Abstract
Objectives
Elevated serum phosphate levels have been associated with increased risks of cardiovascular events and death in several patient populations. The effects of serum phosphate on outcomes in patients with critical limb ischemia (CLI) have not been evaluated. In this study, we assessed the effect of abnormal phosphate levels on mortality and major limb events following surgical intervention for critical limb ischemia (CLI).
Methods
A retrospective review was undertaken to identify all patients at a single institution who underwent a first-time open or endovascular intervention for CLI between 2005 and 2014. Patients without recorded post-operative phosphate levels were excluded. Post-operative phosphate levels within 30-days of the initial operation were recorded and the mean was calculated. Patients were stratified according to mean phosphate levels (low <2.5, normal 2.5–4.5, high >4.5). Patient demographics, comorbidities, and operative details were compared in univariate analysis. Multivariable regression and cox-proportional hazard modeling were utilized to account for patient demographics and comorbid conditions.
Results
941 patients were identified including 42(5%) with low phosphate, 768(82%) with normal phosphate, and 131(14%) with high phosphate. Patients with elevated phosphate were younger and had higher rates of congestive heart failure, diabetes, and dialysis dependence. Bypass was more common among patients with normal phosphate as compared to high or low phosphate levels. There was no difference in WiFi or TASC classification between cohorts. There were significant differences in 1-year mortality (low: 19%, normal: 17%, high: 33%, p < .01) and 3-year mortality (low 38%, normal: 34%, high: 56%, p <.01) between phosphate cohorts.
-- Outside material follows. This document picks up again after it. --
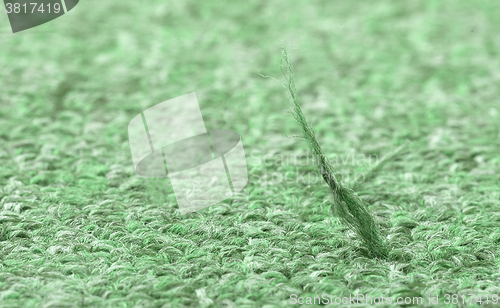 Image of Broken fiber in carpet texture close-up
Major amputation (low: 12%, normal: 12%, high: 15%) and restenosis (low: 21%, normal: 24%, high: 28%) tended toward worse outcomes among patients with elevated phosphate levels, but did not reach statistical significance. After adjustment for baseline characteristics, mortality was higher (HR: 1.7, 95% CI: 1.3–2.2) and amputation free survival was lower (HR: 1.5, 95% CI: 1.2–1.9) among patients with elevated as compared with normal phosphate levels. A subgroup analysis was then performed to assess dialysis and non-dialysis patients separately. Patients with elevated serum phosphate levels maintained a significantly higher risk of mortality in each group (Dialysis HR: 1.8 95% CI 1.2–2.6, Non-dialysis: HR 1.5, 95% CI 1.04–2.10).
Conclusion
Elevated phosphate levels are associated with increased mortality and decreased amputation free survival following interventions for critical limb ischemia. Future studies evaluating the effects of phosphate reduction in patients with CLI are warranted.
Introduction
Patients undergoing intervention for critical limb ischemia (CLI) are at increased risk of cardiovascular events due in part to the high incidence of associated cardiovascular risk factors.1,2 Associations between ambulatory status, cardiac and renal disease, and amputation free survival have been identified previously in retrospective studies.3,4 Despite this, our ability to determine which patients are at increased risk for early and delayed limb and cardiovascular events as well as mortality remains challenging.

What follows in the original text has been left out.